Re: [Mailman-Developers] [Mailman-checkins] SF.net SVN: mailman: [7858] trunk/mailman
Hi Barry,
I had some hours playing with the new svn trunk. (I was a little bit busy because our academic year begins April.)
bwarsaw@users.sourceforge.net wrote:
Revision: 7858 Author: bwarsaw Date: 2006-04-16 21:08:17 -0700 (Sun, 16 Apr 2006) ViewCVS: http://svn.sourceforge.net/mailman/?rev=7858&view=rev
Log Message:
- Convert all logging to Python's standard logging module. Get rid of all traces of our crufty old Syslog. Most of this work was purely mechanical, except for:
I get this for a fresh install of svn trunk. You may have old install remained, if you haven't experienced this.
% bin/mailmanctl start Traceback (most recent call last): File "bin/mailmanctl", line 112, in ? from Mailman.Logging.Syslog import syslog ImportError: No module named Logging.Syslog
Also, if you send SIGHUP to reopen the logs, only the last reopen messages is recorded because each runners try to reopen the log file. We may have to restart qrunners if mailmanctl receive SIGHUP and it has started new log files.

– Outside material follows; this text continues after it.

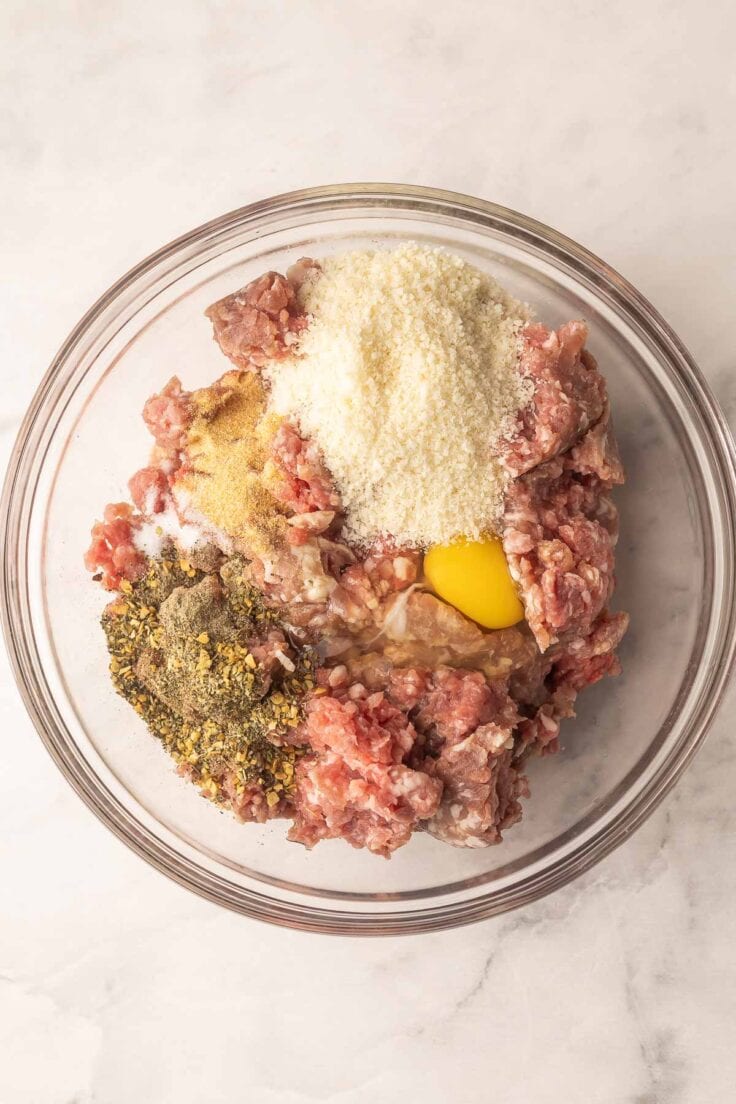 unmixed meatloaf ingredients in a glass mixing bowl.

We may also utilize the backupCount feature for log rotation (intruducing LOG_BACKUP_COUNT in Defaults.py).
Initializing the loggers. For this, there's a new module Mailman/loginit.py (yes all modules from now on will use PEP 8 names). We can't call this 'logging.py' because that will interfere with importing the stdlib module of the same name (can you say Python 2.5 and absolute imports?).

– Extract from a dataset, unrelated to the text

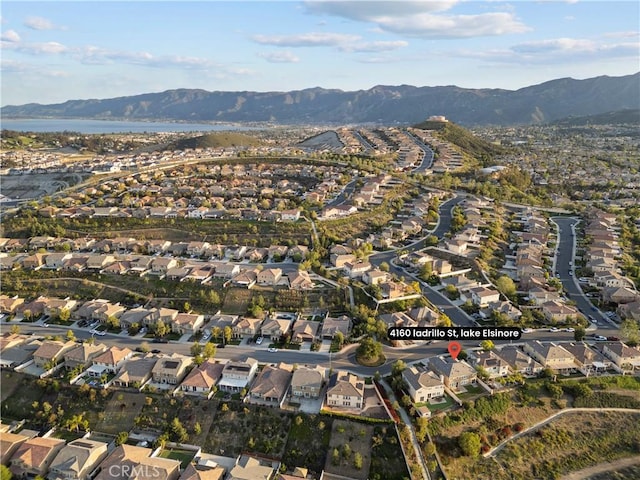 aerial view featuring a mountain view and a residential view
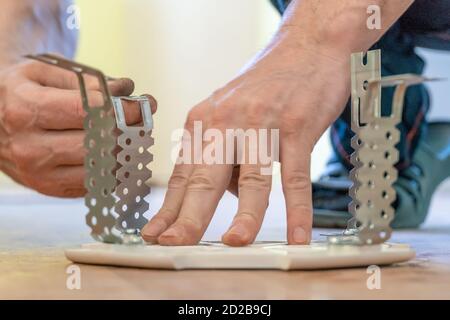Preparing the platform for a lamp for a stretch ceiling close-up Stock Photo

If you want to write log messages both to the log file and to stderr, pass True to loginit.initialize(). This will turn on propagation of log messages to the parent 'mailman' logger, which is set up to print to stderr. This is how bin/qrunner works when not running as a subprocess of mailmanctl.
The driver script. I had to untwist the StampedLogger stuff and implement differently printing exceptions and such to log/error because standard logging objects don't have a write() method. So we write to a cStringIO and then pass that to the logger.
SMTPDirect.py because of the configurability of the log messages. This required changing SafeDict into a dict subclass (which is better than using UserDicts anyway -- yay Python 2.3!). It's probably still possible to flummox things up if you change the name of the loggers in the SMTP_LOG_* variables in mm_cfg.py. However, the worst you can do is cause output to go to stderr and not go to a log file.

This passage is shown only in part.